TOP N clause giving different results even with the same order by clause
Posted by decipherinfosys on June 23, 2008
One of our readers had asked a question recently that we would like to share on the blog. The reader was using SQL Server and was using a TOP N clause in the query with an order by on a non-unique column. The results of these two statements:
select top 10 * from x, y where x.col1 = y.col2 order by x.col3 asc
select top 20 * from x, y where x.col1 = y.col2 order by x.col3 asc
showed that in the results from the second query, the top 10 records were not always the same as the top 10 records returned by the first query. The explanation for that is that TOP N clause is deterministic only when you are sorting based on a unique column. If you are going to be sorting on a non-unique column, then the TOP N query is non deterministic.
So, the solutions were two fold:
a) Include the unique column in the sort after the actual column on which you want to sort on. That way, there is no change to your functionality.

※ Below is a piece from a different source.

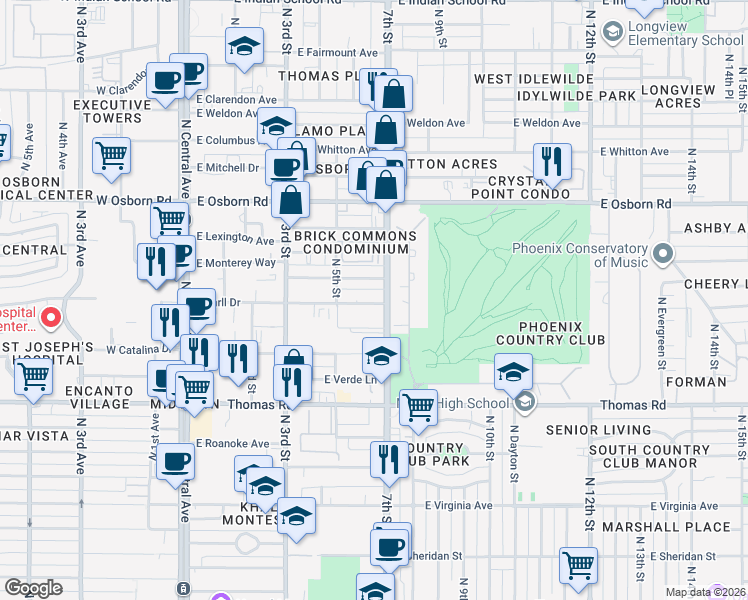 map of restaurants, bars, coffee shops, grocery stores, and more near 550 East Earll Drive in Phoenix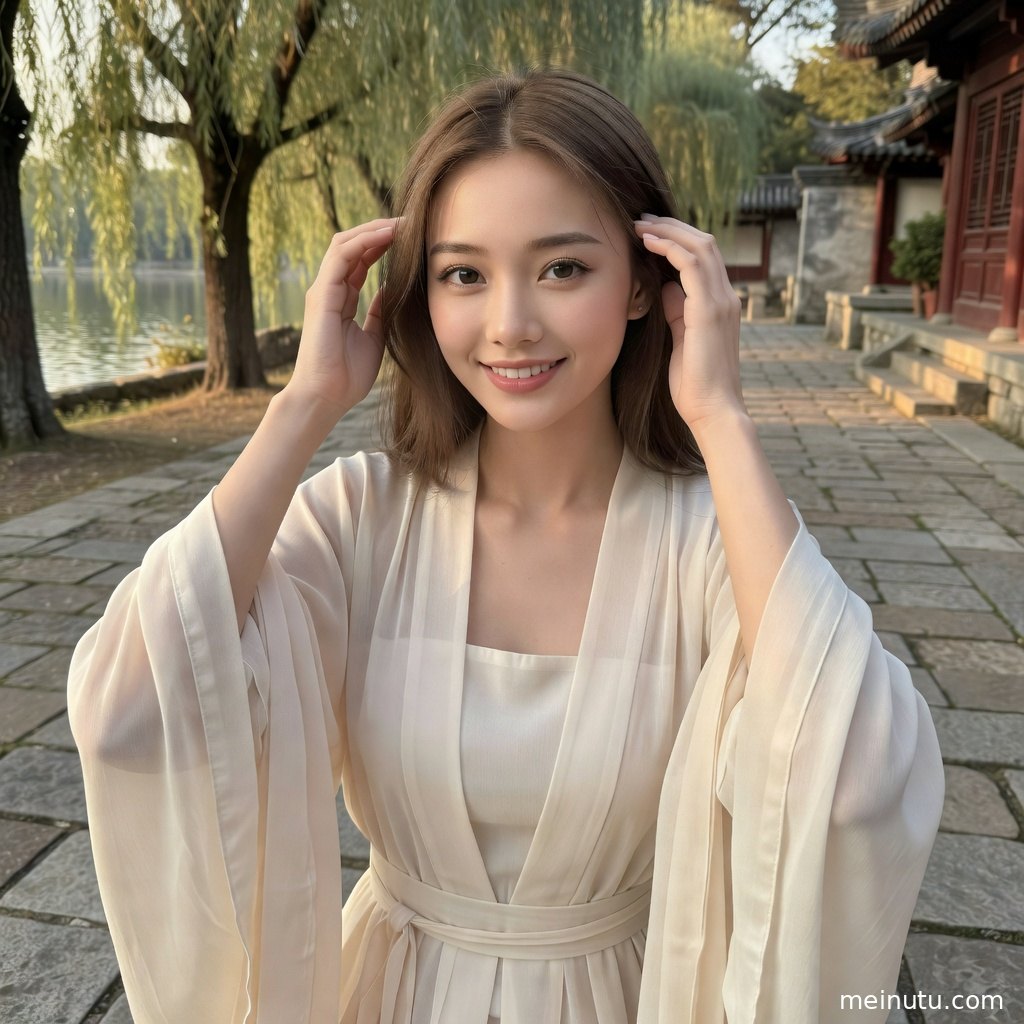 俯拍视角呈现宋制汉服写真，庭院木窗与柔和光影营造静雅国风氛围。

b) If you still want to sort on the non-unique column, then you can choose to include the “WITH TIES” clause to make TOP N be deterministic. What this does is that in the above query, if you wanted top 20 rows ordered by col3, it will give you additional rows as well that match the value of col3 in those top 20 rows. This is not always an acceptable solution for obvious reasons. For the reader, the solution (a) worked out well.